▸ **Problem requirements**: Lines before the one holding "JB型彈簧<a href='http://xlx998.com' target='_blank'><u>減震器</u></a>" are not wanted. Please copy that line and everything after it to the end of the records, exactly, skipping pictures.

▸ **Records to process**:
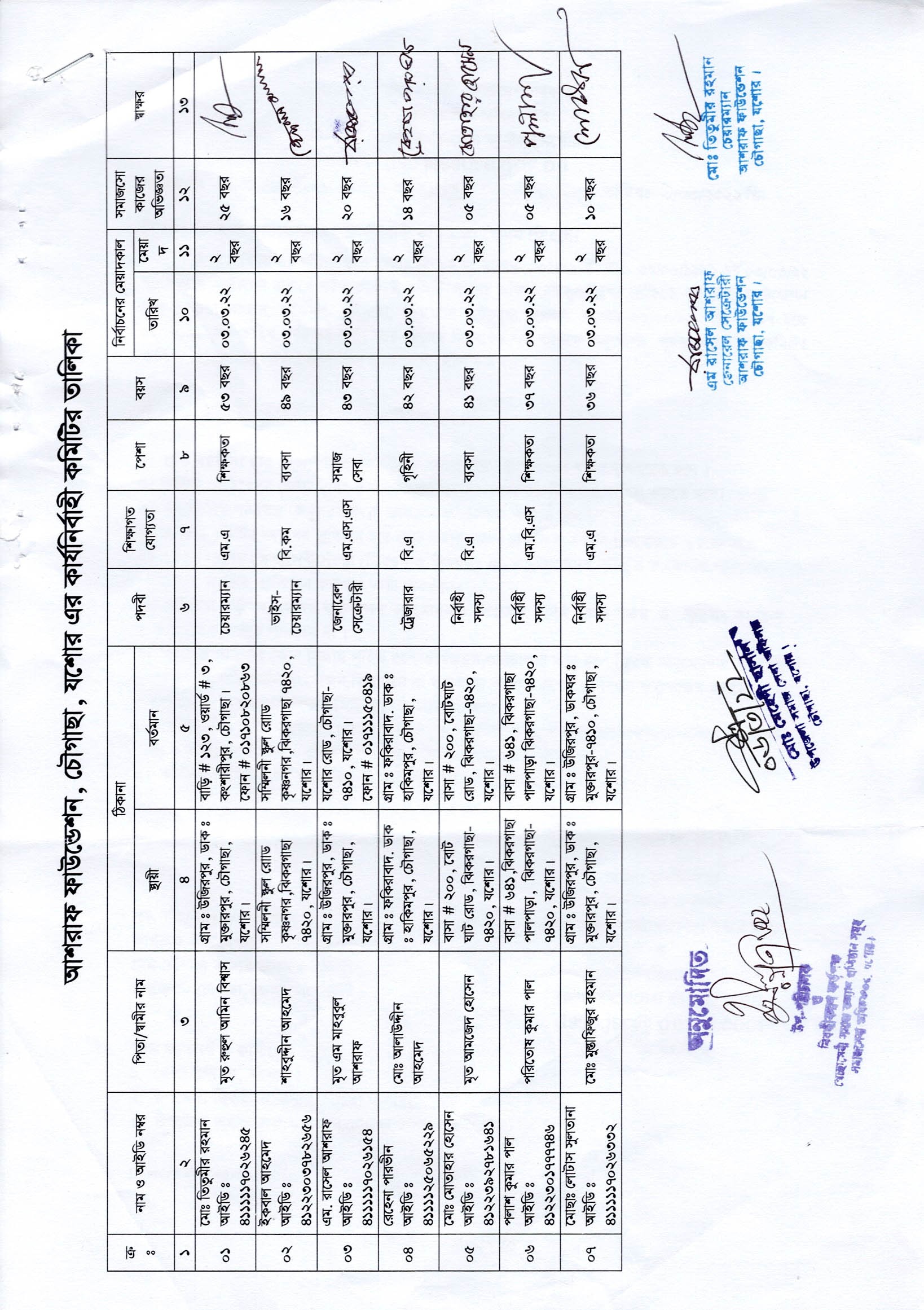 eduact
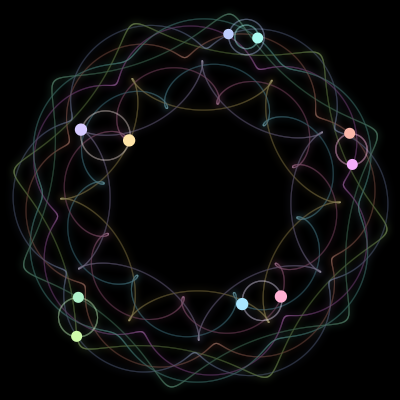 Paths of #1190_10, a 10-body orbit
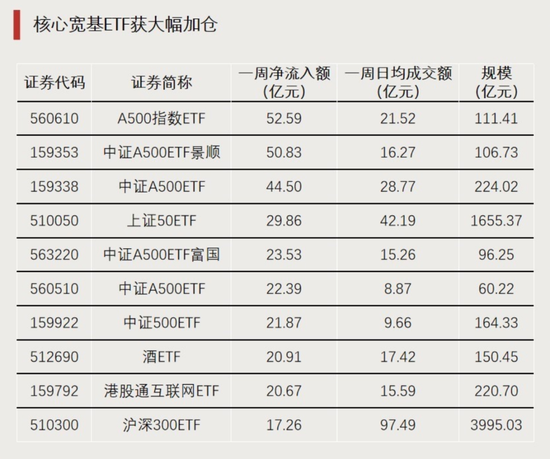 大资金进场！-第2张图片-山东威力重工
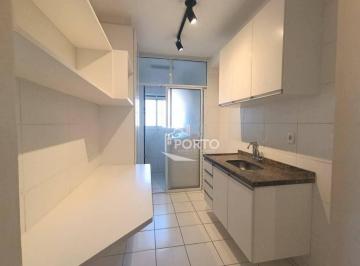 61e56a76072c0e53f769de460f378e7ddcfae02e · Apartamento 3 quartos à venda no Edifício Novitá no bairro Alto em Piracicaba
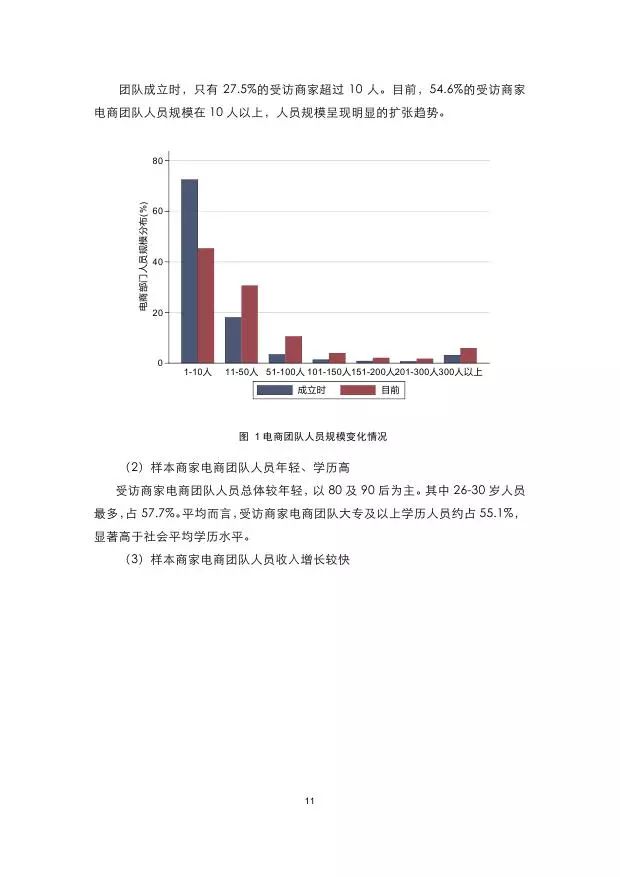 人工智能就业职位及其发展趋势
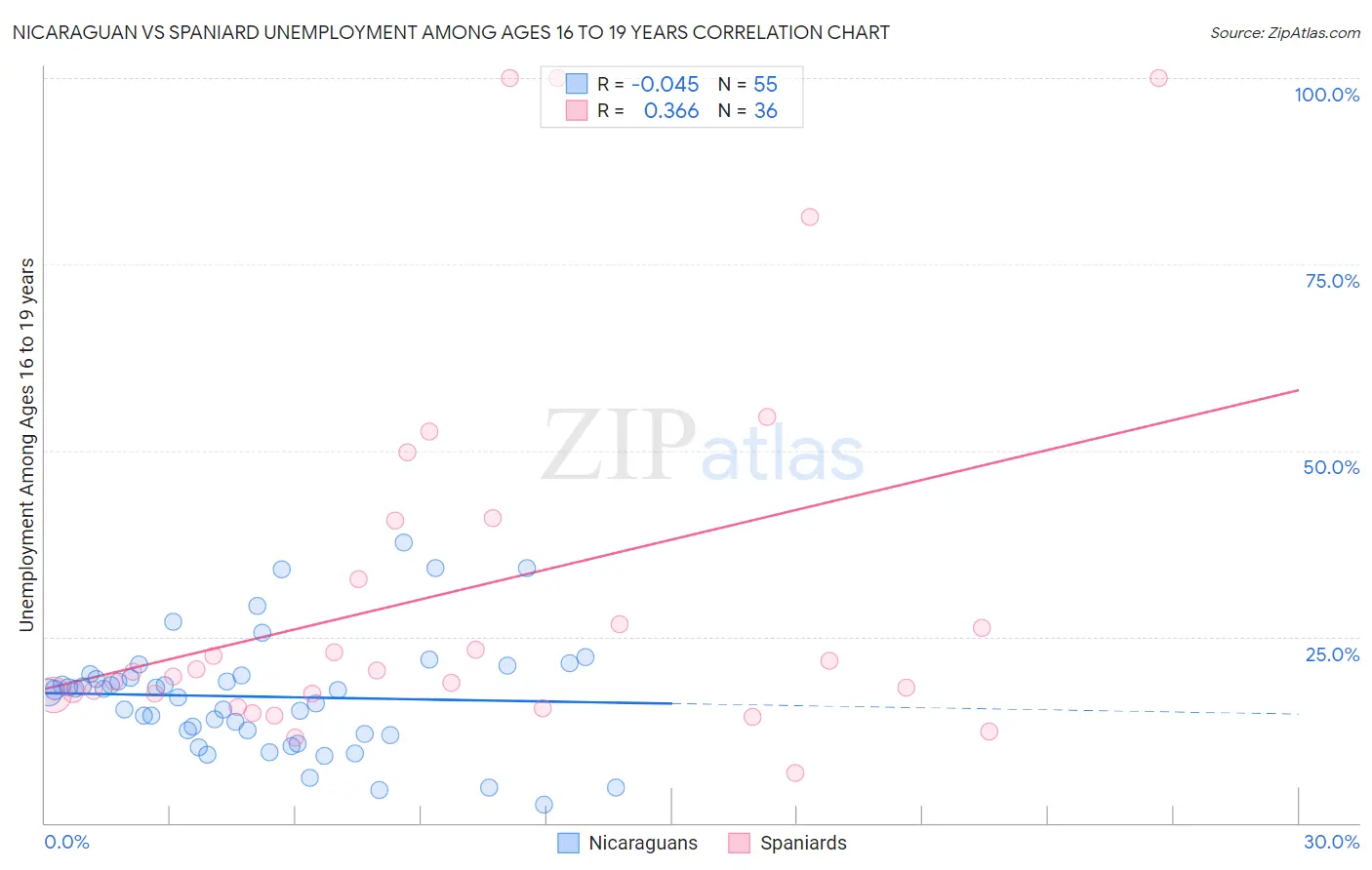 Nicaraguan vs Spaniard Unemployment Among Ages 16 to 19 years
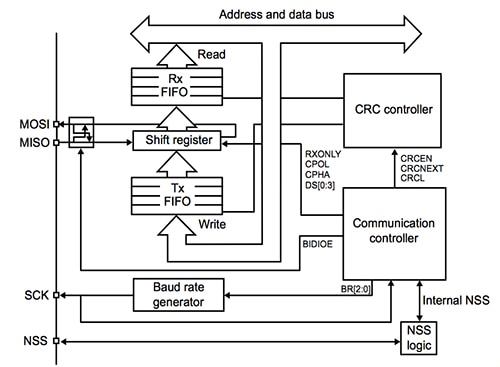 STMicroelectronics SPI Peripheral on STM32F373 Image of STMicroelectronics SPI Peripheral on STM32F373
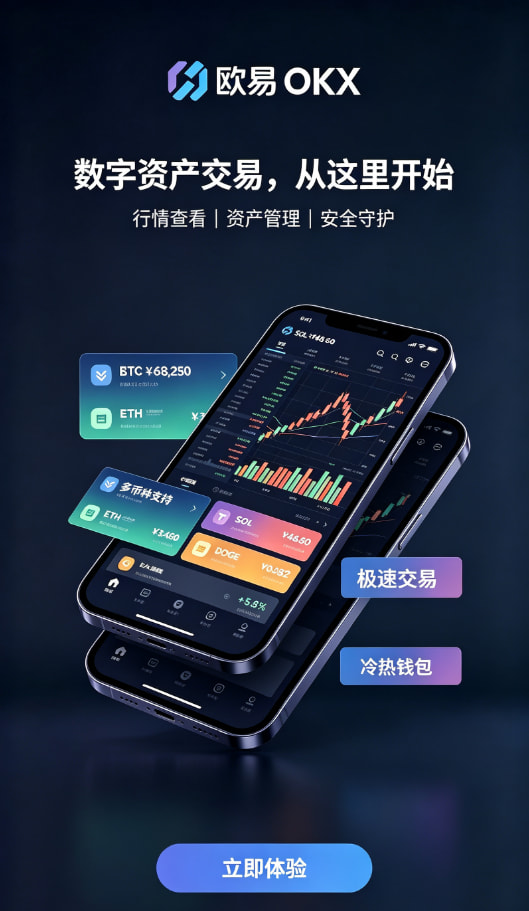 欧交易所app官网充值与买入流程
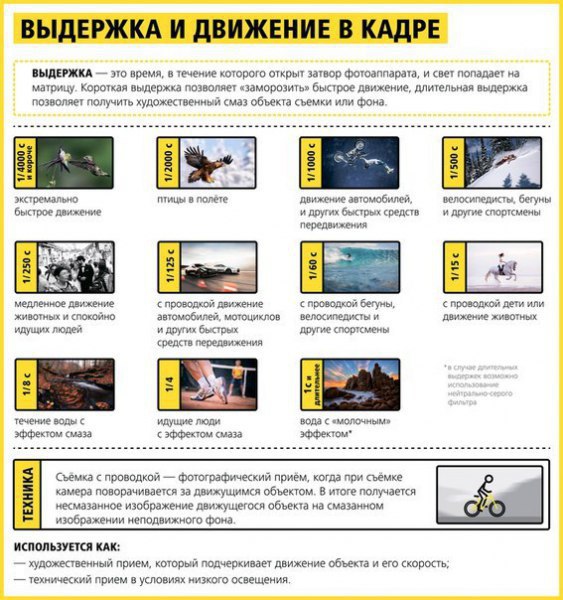 Начало рабочей недели, самое время научиться правильно фотографировать - 6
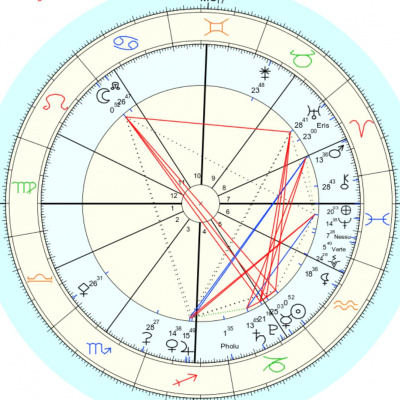 Embodied Astrology With Renee Sills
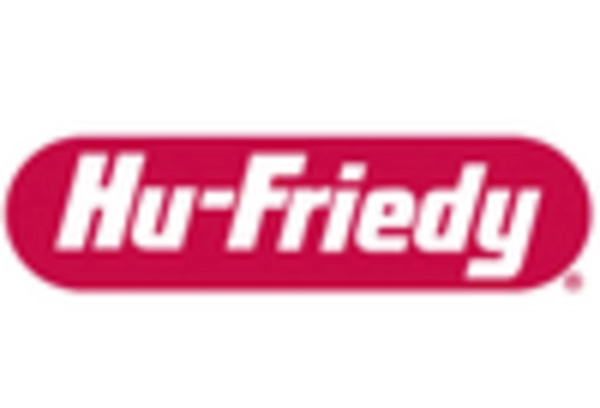 US Dental Forceps Market key player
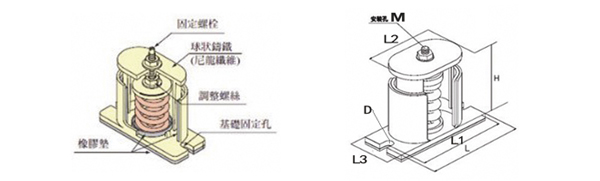 JB型彈簧<a href='http://xlx998.com' target='_blank'><u>減震器</u></a>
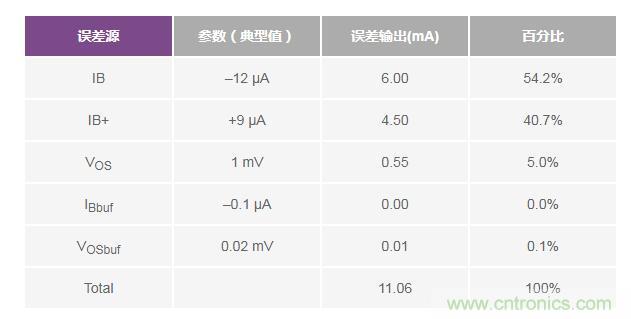 如何實現(xiàn)高精度、快速建立的大電流源！
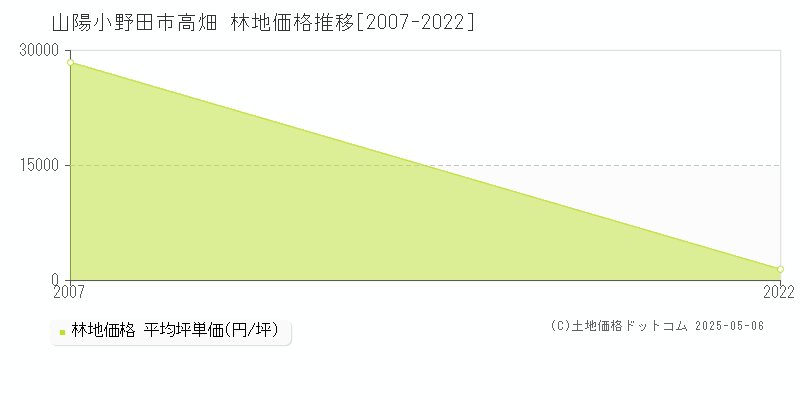 高畑(山陽小野田市)の林地価格推移グラフ(坪単価)[2007-2022年]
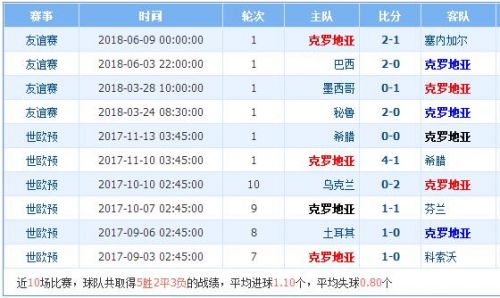 最新快报（北美联赛小组赛）波兰交锋科摩罗比分潜力榜排名-图文解析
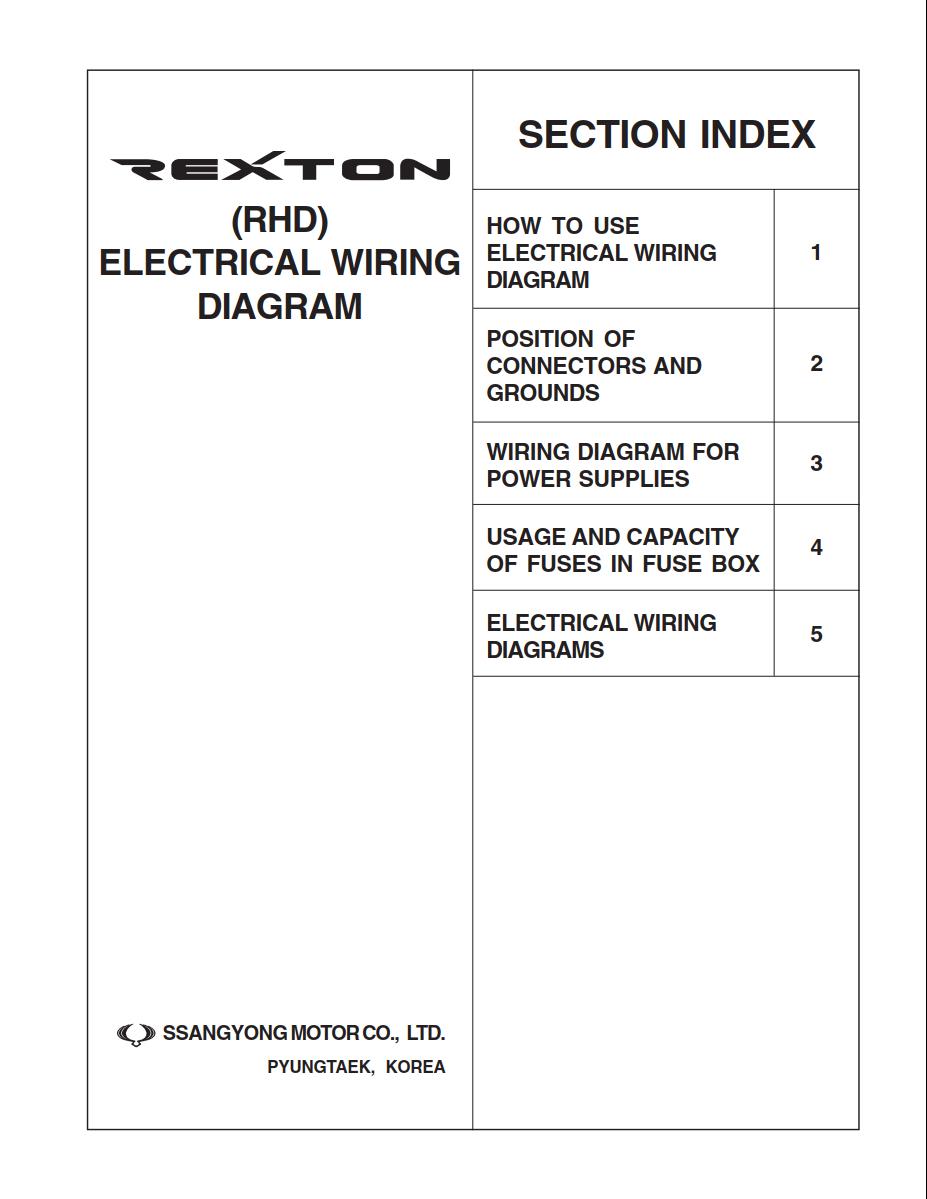 SsangYong Rexton RHD Electrical Wiring Diagram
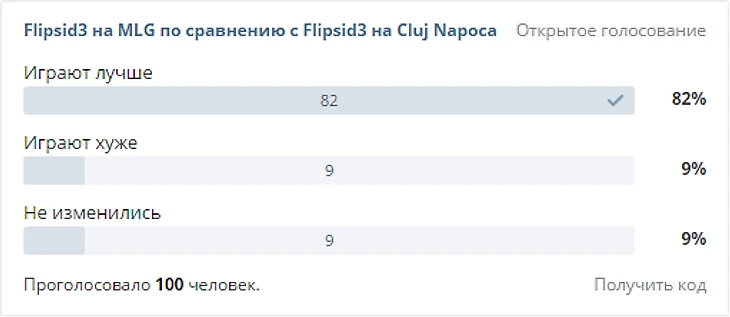 Результаты опроса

▸ **Answer section**:
 JB型彈簧<a href='http://xlx998.com' target='_blank'><u>減震器</u></a>
 如何實現(xiàn)高精度、快速建立的大電流源！
 高畑(山陽小野田市)の林地価格推移グラフ(坪単価)[2007-2022年]
 最新快报（北美联赛小组赛）波兰交锋科摩罗比分潜力榜排名-图文解析
 SsangYong Rexton RHD Electrical Wiring Diagram
 Результаты опроса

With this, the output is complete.